Good post and good subject Joe:

"NEW YORK (Reuters) - Goldman Sachs & Co on Monday downgraded Citigroup Inc (C.N: Quote, Profile, Research) to "sell" from "neutral," and said the largest U.S. bank may have to write off $15 billion over the next two quarters as mortgage losses reduce earnings."

 

This dovetails in nicely with what I have been saying: Citi Residential's hiring of the infamous James Brantley of AMC/Ameriquest notoriety in spite of his dreadful reputation for fraud appears to have been an act of desperation.  Citi was in such dire straits that they had to risk hiring this double talking charlatan in hopes of stopping the bleeding the old fashioned way: Mortgage fraud, an area Brantley excels in.

 

As ye sow so shall ye reap I suppose..  

 

Anyway here’s some similar data on a more immediate timescale:

- - - - -  ON: - - - - -

S&P cut Bear Stearns’ credit rating after the company announced plans to write down $1.2 billion in subprime assets, which will likely result in its first quarterly loss since 1985 when the company went public.
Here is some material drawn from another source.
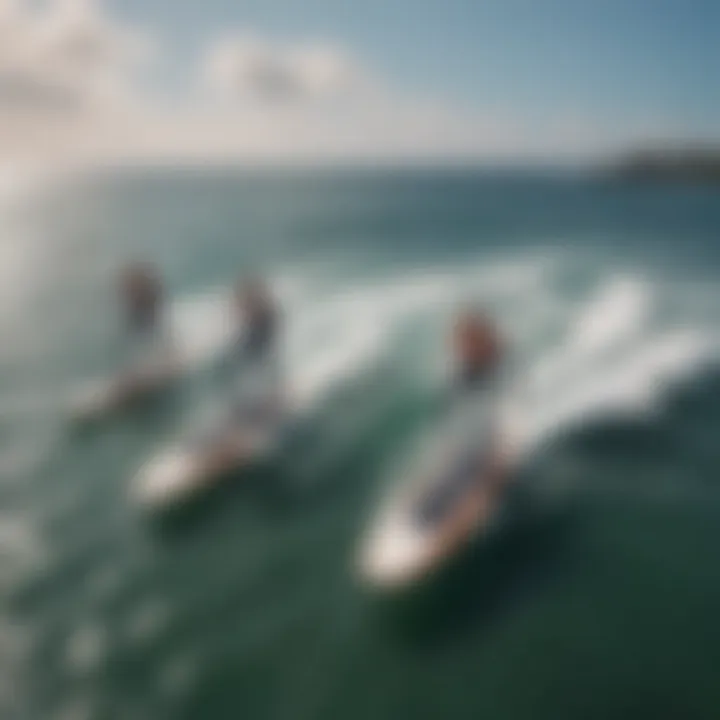 An aerial view of a group of electric hydrofoil surfers enjoying the waves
After the rating was revised from A+ to A, the stock price actually rose because the writedown was smaller than other securities firms’. Citigroup got its ratings lowered after writedowns of $9 billion and Merrill Lynch & Co was downgraded on writedowns of $8 billion.

        Meanwhile, Wells Fargo’s CEO John Stumpf, speaking at an investment conference, predicted that the worst is yet to come for the housing market. He said that this is the worst Real Estate market he’s seen in his 30-year career, and 2008 will probably be even worse. Wow he actually said that.”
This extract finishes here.